▶ Saved data entries
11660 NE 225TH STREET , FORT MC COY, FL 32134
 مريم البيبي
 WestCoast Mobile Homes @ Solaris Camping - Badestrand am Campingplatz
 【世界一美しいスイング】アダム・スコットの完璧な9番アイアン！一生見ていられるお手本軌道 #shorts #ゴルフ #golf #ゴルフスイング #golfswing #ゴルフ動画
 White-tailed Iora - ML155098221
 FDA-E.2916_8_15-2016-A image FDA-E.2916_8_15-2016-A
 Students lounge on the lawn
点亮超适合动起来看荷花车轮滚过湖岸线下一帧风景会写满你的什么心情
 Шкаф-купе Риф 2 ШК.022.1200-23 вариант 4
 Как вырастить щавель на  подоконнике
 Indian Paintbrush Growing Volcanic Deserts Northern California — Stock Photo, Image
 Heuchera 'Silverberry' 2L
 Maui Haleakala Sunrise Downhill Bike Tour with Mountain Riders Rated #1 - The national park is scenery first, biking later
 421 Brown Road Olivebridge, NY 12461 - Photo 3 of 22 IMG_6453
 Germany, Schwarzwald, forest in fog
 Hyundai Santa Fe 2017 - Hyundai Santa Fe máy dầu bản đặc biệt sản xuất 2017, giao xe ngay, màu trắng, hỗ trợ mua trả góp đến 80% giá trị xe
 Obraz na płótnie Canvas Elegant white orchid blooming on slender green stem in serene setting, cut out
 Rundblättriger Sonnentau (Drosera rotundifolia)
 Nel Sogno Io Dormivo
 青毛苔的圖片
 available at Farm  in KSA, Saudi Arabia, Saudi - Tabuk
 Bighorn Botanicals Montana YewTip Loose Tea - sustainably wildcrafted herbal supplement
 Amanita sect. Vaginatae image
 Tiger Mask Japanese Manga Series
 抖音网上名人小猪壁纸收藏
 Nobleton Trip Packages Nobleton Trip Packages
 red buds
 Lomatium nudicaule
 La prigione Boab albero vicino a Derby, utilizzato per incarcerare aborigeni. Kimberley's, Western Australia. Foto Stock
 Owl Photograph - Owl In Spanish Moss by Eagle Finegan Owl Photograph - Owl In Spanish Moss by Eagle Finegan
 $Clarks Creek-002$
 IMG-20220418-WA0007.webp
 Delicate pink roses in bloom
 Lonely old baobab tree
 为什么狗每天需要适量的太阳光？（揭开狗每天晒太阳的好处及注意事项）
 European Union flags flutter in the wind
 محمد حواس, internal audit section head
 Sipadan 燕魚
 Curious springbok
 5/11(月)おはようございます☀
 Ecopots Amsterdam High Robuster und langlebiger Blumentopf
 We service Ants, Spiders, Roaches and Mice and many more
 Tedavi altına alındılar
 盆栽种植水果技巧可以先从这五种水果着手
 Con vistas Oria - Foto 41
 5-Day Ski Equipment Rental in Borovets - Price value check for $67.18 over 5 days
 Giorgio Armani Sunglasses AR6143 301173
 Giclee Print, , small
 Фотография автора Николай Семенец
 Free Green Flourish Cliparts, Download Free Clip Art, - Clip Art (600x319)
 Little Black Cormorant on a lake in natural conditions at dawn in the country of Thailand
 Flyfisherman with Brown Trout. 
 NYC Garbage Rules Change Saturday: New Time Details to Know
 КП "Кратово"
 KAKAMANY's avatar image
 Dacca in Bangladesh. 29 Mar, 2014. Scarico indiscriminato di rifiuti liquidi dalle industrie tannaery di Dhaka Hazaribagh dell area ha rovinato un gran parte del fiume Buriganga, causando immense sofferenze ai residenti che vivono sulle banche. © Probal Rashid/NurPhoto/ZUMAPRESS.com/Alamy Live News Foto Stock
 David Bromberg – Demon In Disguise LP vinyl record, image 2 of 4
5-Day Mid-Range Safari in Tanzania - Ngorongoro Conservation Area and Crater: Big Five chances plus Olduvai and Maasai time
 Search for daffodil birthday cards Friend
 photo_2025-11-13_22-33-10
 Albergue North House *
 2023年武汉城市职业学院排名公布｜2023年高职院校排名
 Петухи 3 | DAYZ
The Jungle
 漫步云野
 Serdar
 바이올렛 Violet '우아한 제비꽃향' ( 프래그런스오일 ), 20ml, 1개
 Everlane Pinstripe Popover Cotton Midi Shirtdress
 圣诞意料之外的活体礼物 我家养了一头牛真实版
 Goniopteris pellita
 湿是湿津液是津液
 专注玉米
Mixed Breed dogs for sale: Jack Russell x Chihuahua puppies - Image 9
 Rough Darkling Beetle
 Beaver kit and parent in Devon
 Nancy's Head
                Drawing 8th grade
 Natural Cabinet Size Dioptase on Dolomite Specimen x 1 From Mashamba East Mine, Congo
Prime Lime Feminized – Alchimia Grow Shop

▶ Work to be completed
Pick from the records each line that contains the word "with" and show it.

▶ Task answer
 Maui Haleakala Sunrise Downhill Bike Tour with Mountain Riders Rated #1 - The national park is scenery first, biking later
 Flyfisherman with Brown Trout. 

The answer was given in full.